#### Input data

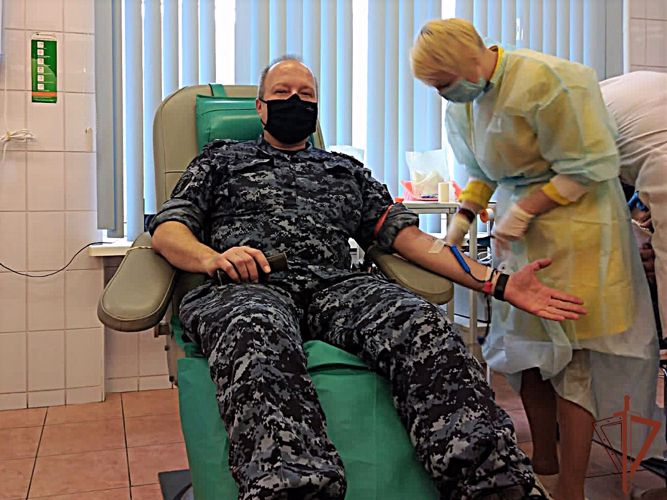 В Санкт-Петербурге сотрудники Росгвардии добровольно сдали кровь для пациентов одной из городских больниц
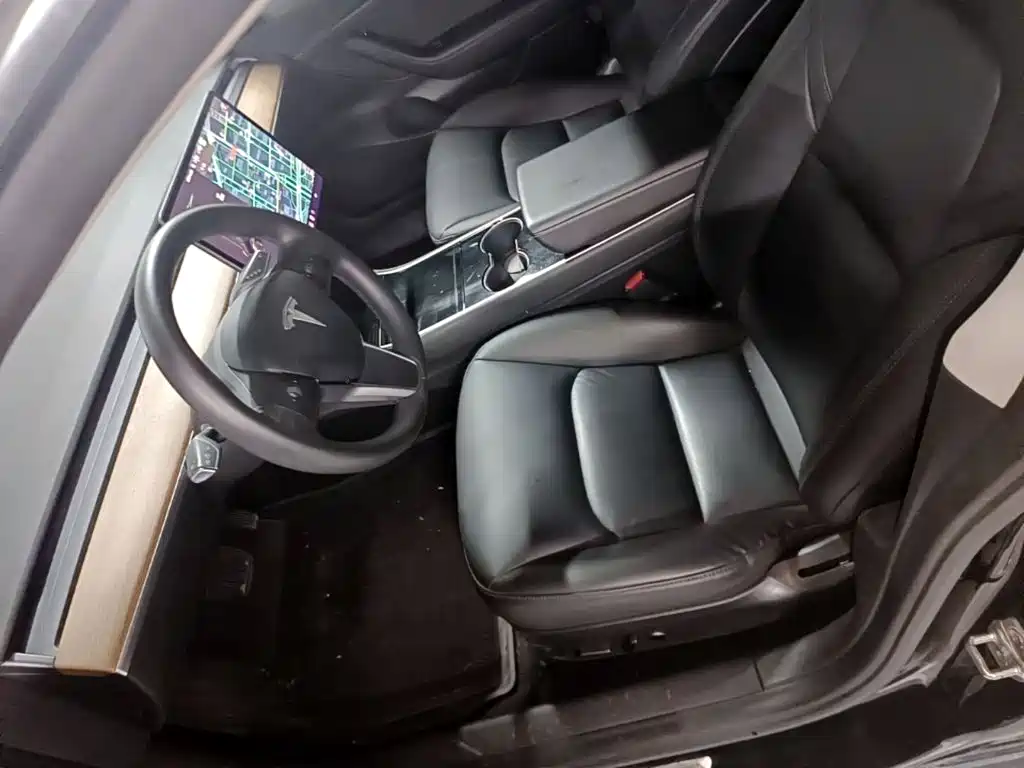 Tesla Model 3 2020 2020 Facelift Standard Range RWD Upgrade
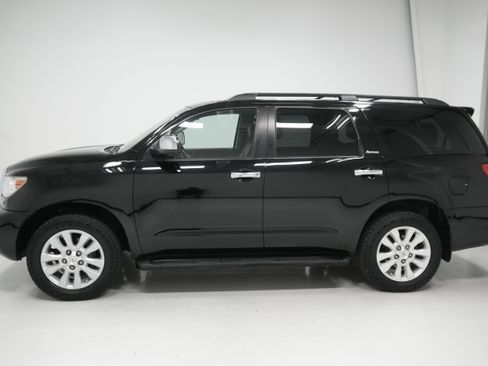 Used 2013 Toyota Sequoia Platinum image 7
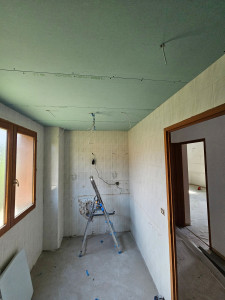 Photo de galerie - Faux plafond salle de bain.
La suite en carrelage et faïence bientôt.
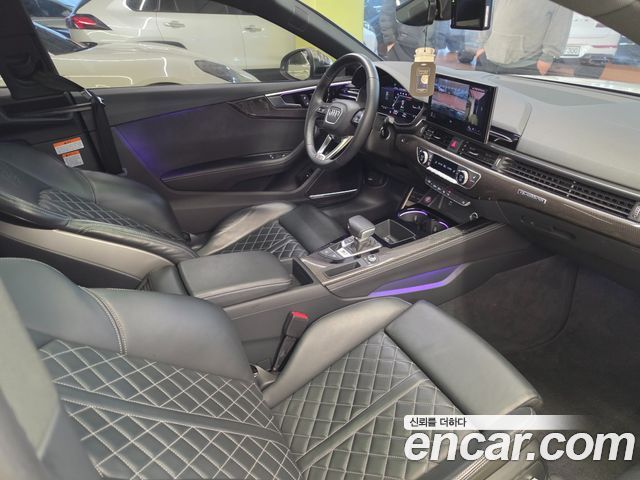 Audi S5 — interior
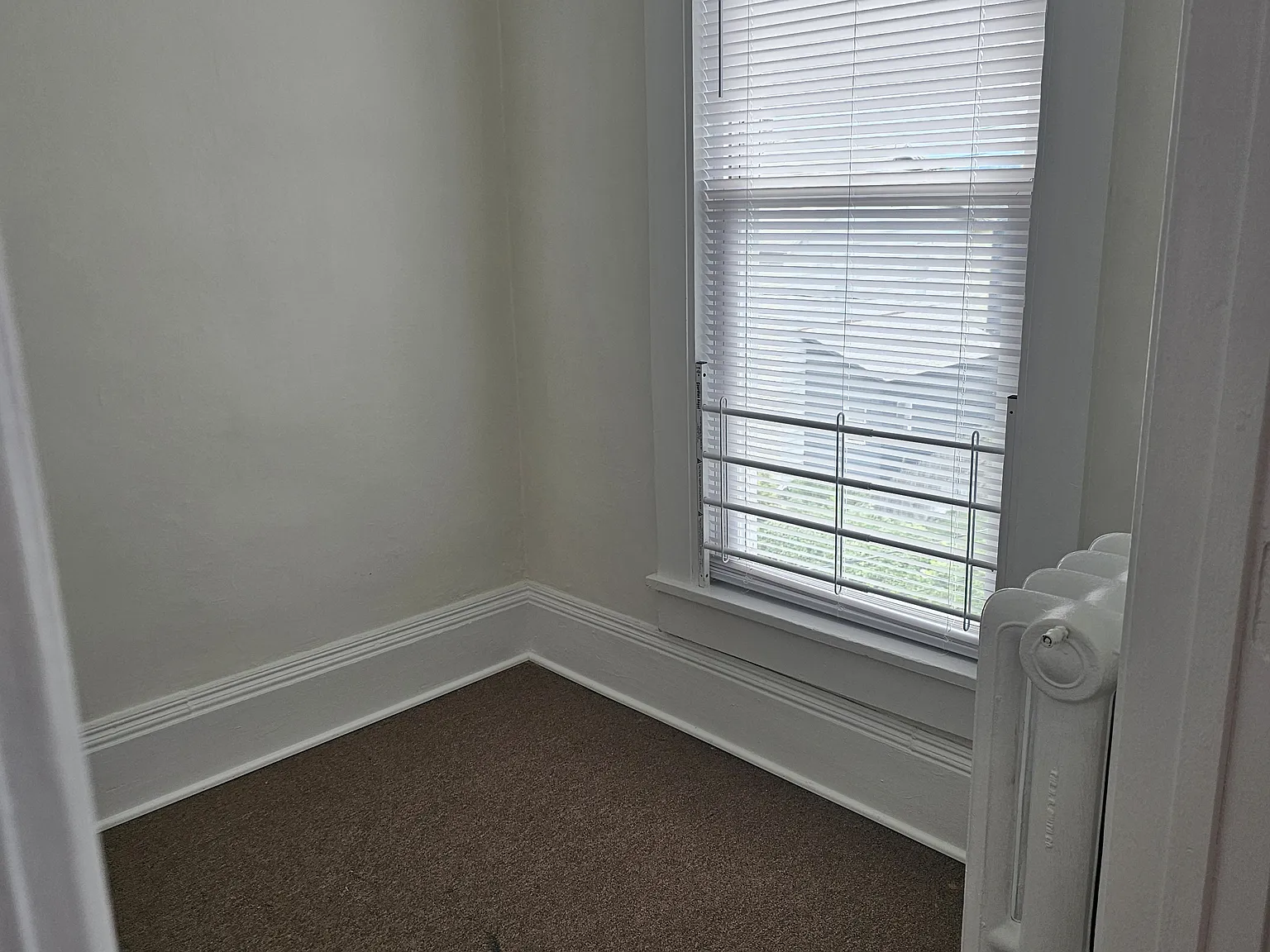 2 bed, 1300 sqft, $2,500 — Photo 2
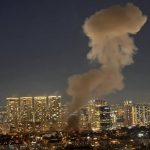 Μία νεκρή και πάνω από 20 τραυματίες από ιρανική πυραυλική επίθεση στο Ισραήλ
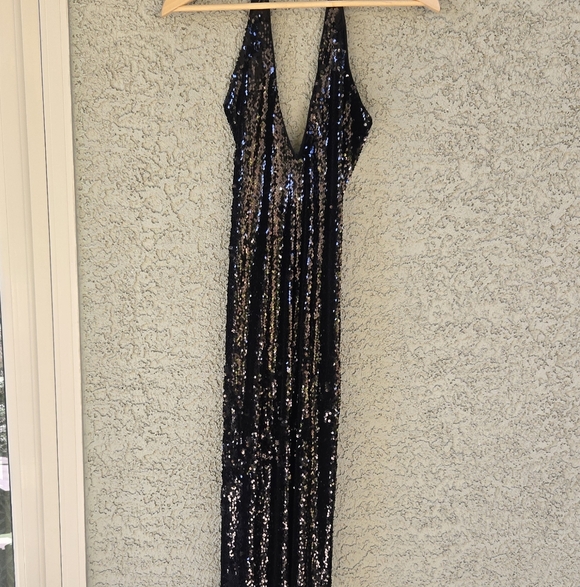Fashion Nova First Class Sequin Black Gown - Picture 3 of 11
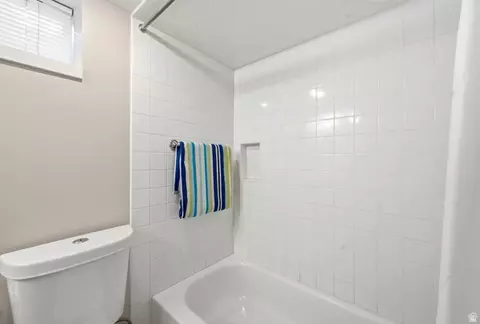 Bath - 310 E 600 S, Centerville, UT 84014 photo 3 of 3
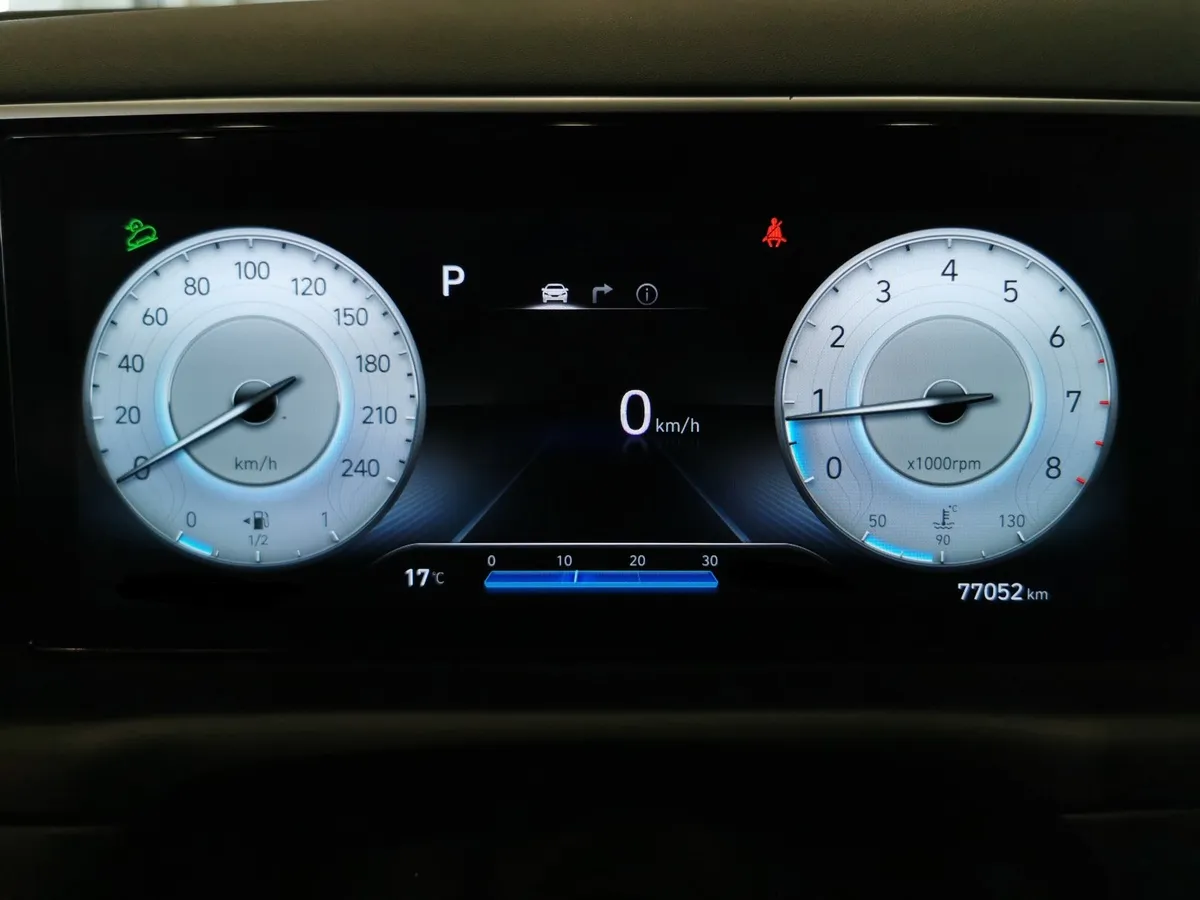 Hyundai Tucson 2.0 (150 л.с.) MPi-6MT-4WD Comfort Синий в АВИЛОН. Слайд №16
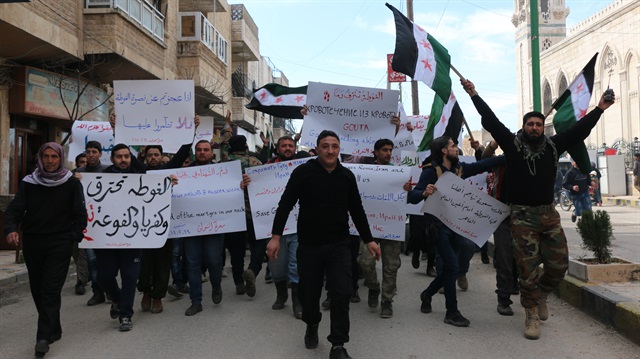 İdlib ili sakinleri, Esed rejiminin Doğu Guta kuşatmasını ve son dönemde artan saldırıları protesto etti
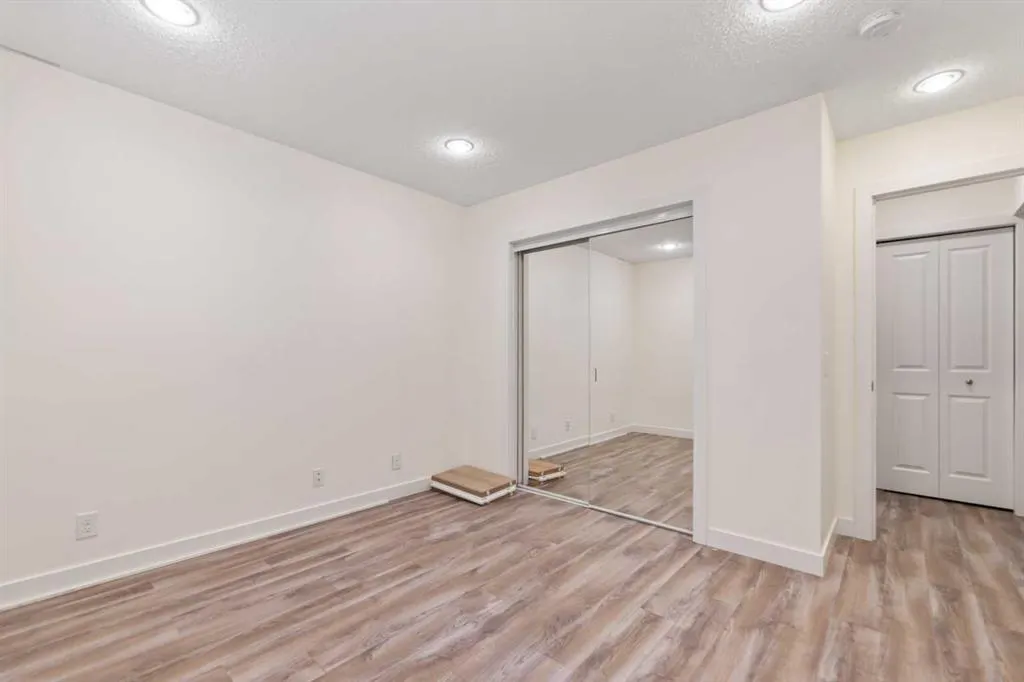 120 West Creek Green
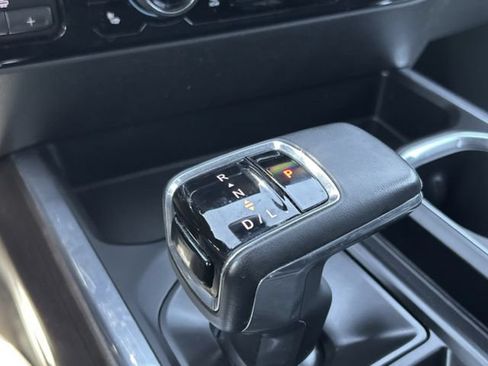 Used 2024 Chevrolet Silverado 1500 High Country w/ Technology Package AWD/4WD image 46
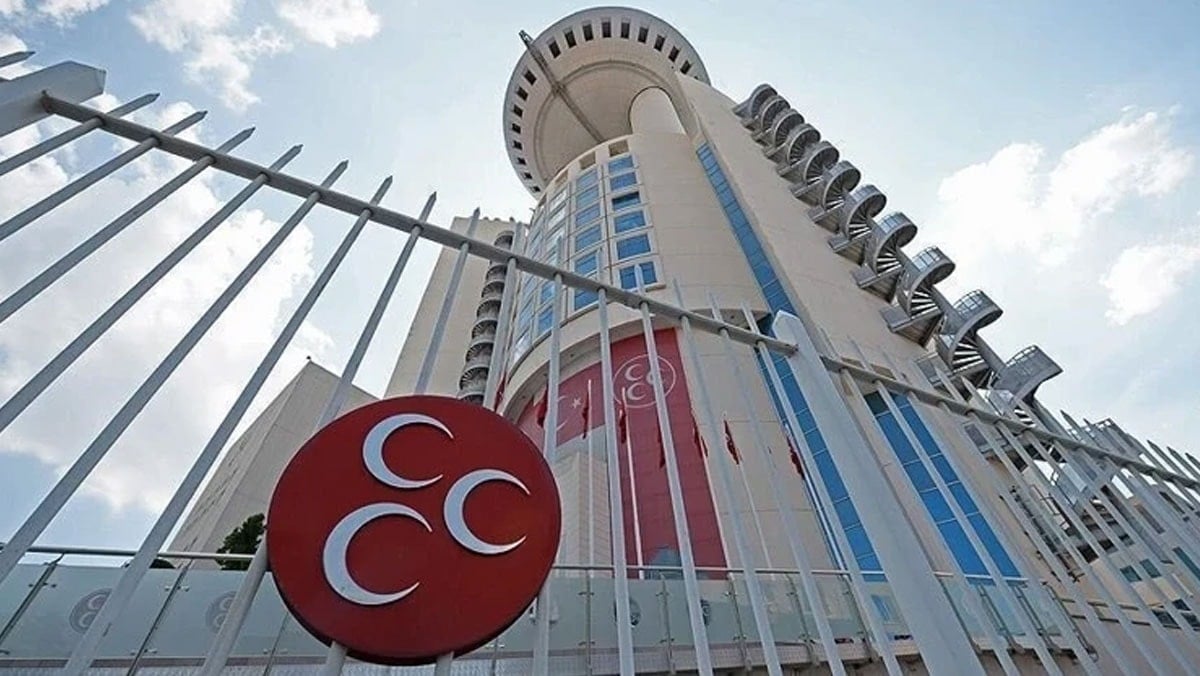 MHP'de bir il teşkilatı daha feshedildi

########

» **Assignment**: Keep every word of the records above exactly, and return them with no pictures.

» **Task response**:
 В Санкт-Петербурге сотрудники Росгвардии добровольно сдали кровь для пациентов одной из городских больниц
 Tesla Model 3 2020 2020 Facelift Standard Range RWD Upgrade
 Used 2013 Toyota Sequoia Platinum image 7
 Photo de galerie - Faux plafond salle de bain.
La suite en carrelage et faïence bientôt.
 Audi S5 — interior
 2 bed, 1300 sqft, $2,500 — Photo 2
 Μία νεκρή και πάνω από 20 τραυματίες από ιρανική πυραυλική επίθεση στο Ισραήλ
Fashion Nova First Class Sequin Black Gown - Picture 3 of 11
 Bath - 310 E 600 S, Centerville, UT 84014 photo 3 of 3
 Hyundai Tucson 2.0 (150 л.с.) MPi-6MT-4WD Comfort Синий в АВИЛОН. Слайд №16
 İdlib ili sakinleri, Esed rejiminin Doğu Guta kuşatmasını ve son dönemde artan saldırıları protesto etti
 120 West Creek Green
 Used 2024 Chevrolet Silverado 1500 High Country w/ Technology Package AWD/4WD image 46
 MHP'de bir il teşkilatı daha feshedildi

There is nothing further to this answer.